Requirement | Among the entries below, find the lines with the word "pink" and copy them.

Supplied information |
--------------------

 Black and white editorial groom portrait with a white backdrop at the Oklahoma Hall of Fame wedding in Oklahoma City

--------------------

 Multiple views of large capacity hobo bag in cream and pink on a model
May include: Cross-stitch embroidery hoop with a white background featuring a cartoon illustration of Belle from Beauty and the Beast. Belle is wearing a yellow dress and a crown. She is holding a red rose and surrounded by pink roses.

--------------------

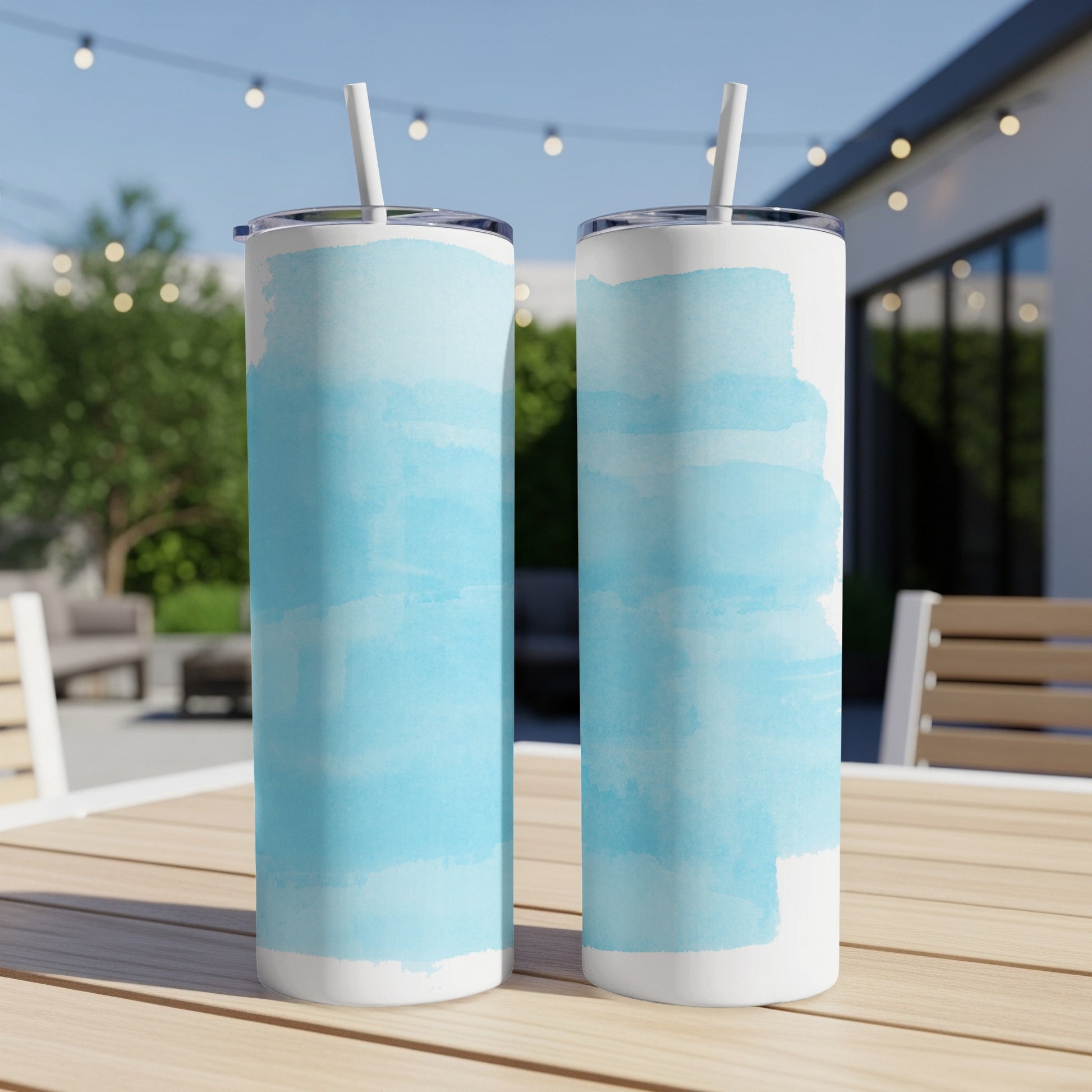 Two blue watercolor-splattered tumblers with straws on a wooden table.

--------------------

Solution |
 Multiple views of large capacity hobo bag in cream and pink on a model
May include: Cross-stitch embroidery hoop with a white background featuring a cartoon illustration of Belle from Beauty and the Beast. Belle is wearing a yellow dress and a crown. She is holding a red rose and surrounded by pink roses.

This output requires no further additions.